Exercise: Transcribe the records word for word. Leave every picture out.

BEGIN Material to process

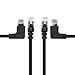 Cable Matters 10Gbps Combo-Pack 90 Degree Cat 6 Ethernet Cable - 10ft, Cat6 Right Angle Ethernet Cable (90Degree + 270 Degree Right-Angle RJ45 Connectors)
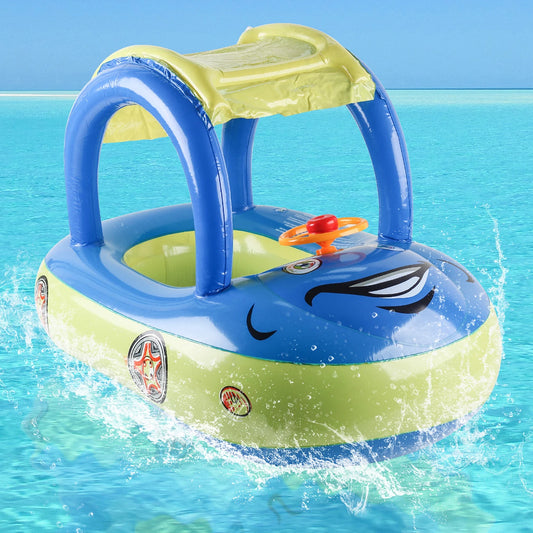Car-shaped swimming floats for children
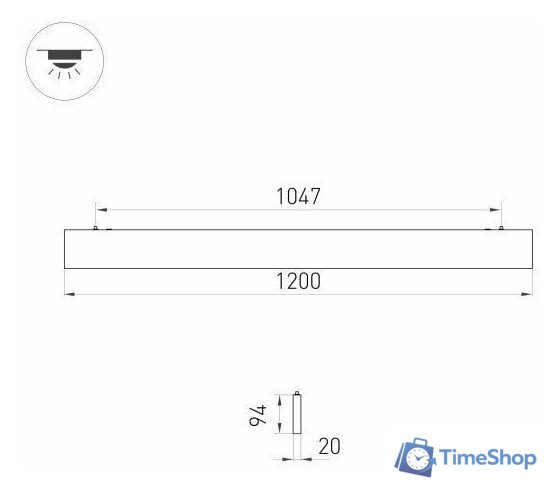 Светодиодная панель Arlight ALT-LINEAIR-FLAT-UPDOWN-DIM-S2094-1200-40W Day4000 031471 - Изображение №3 — Интернет-магазин Time-Shop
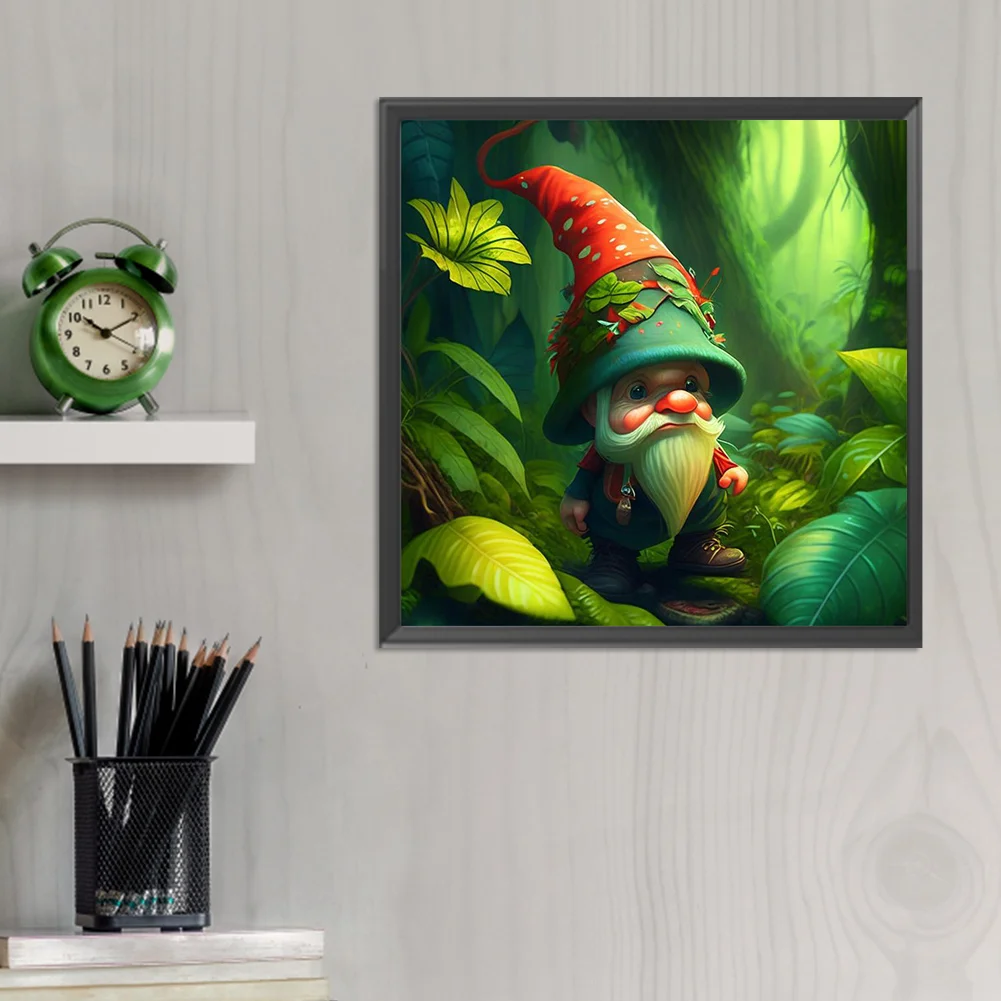 Full Round Diamond Painting 30*30cm - Goblin In The Forest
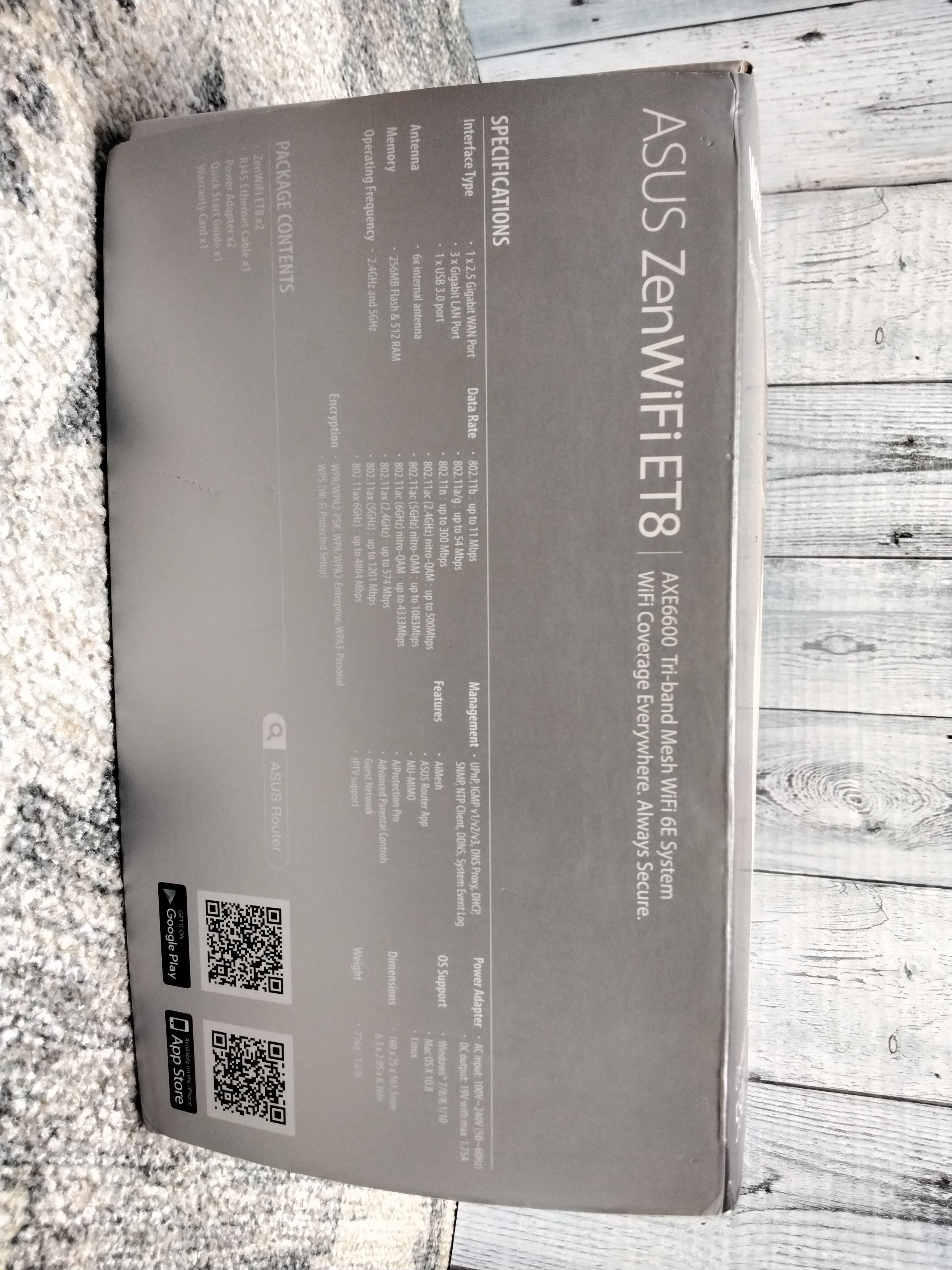 ASUS ZenWiFi Whole-Home Tri-Band Mesh WiFi 6E System (ET8 2PK) (7937139343598)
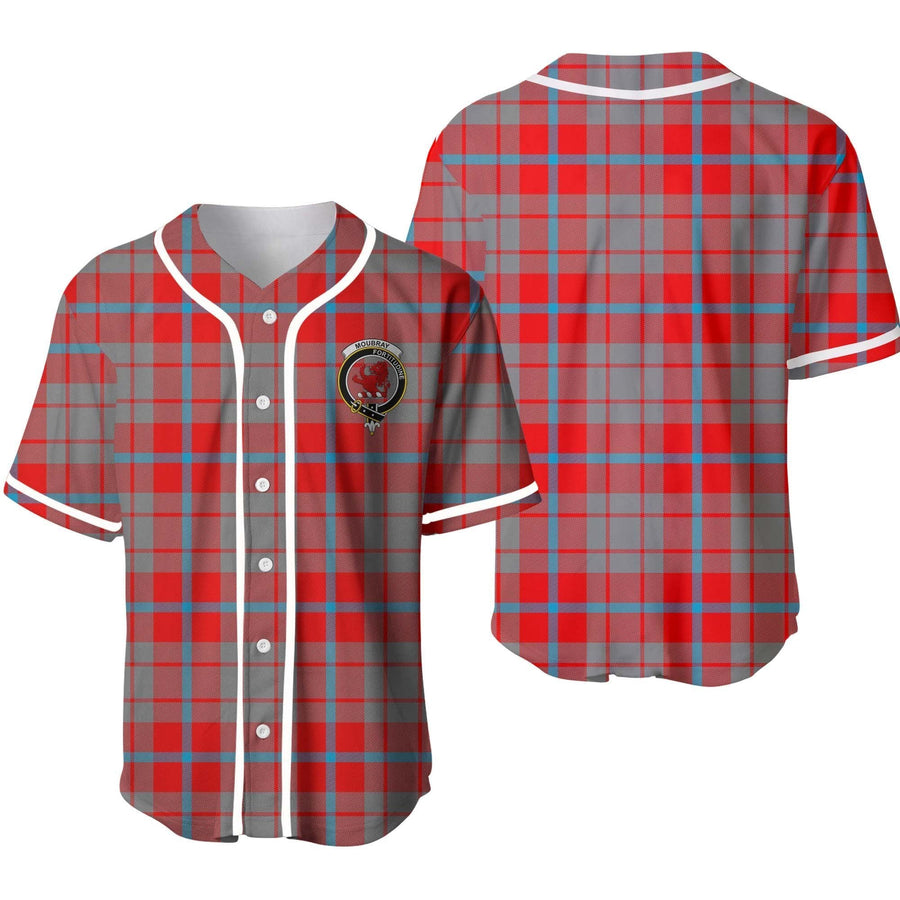 Clan Moubray Tartan Unisex Baseball Jersey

END Material to process

Response:
 Cable Matters 10Gbps Combo-Pack 90 Degree Cat 6 Ethernet Cable - 10ft, Cat6 Right Angle Ethernet Cable (90Degree + 270 Degree Right-Angle RJ45 Connectors)
Car-shaped swimming floats for children
 Светодиодная панель Arlight ALT-LINEAIR-FLAT-UPDOWN-DIM-S2094-1200-40W Day4000 031471 - Изображение №3 — Интернет-магазин Time-Shop
 Full Round Diamond Painting 30*30cm - Goblin In The Forest
 ASUS ZenWiFi Whole-Home Tri-Band Mesh WiFi 6E System (ET8 2PK) (7937139343598)
 Clan Moubray Tartan Unisex Baseball Jersey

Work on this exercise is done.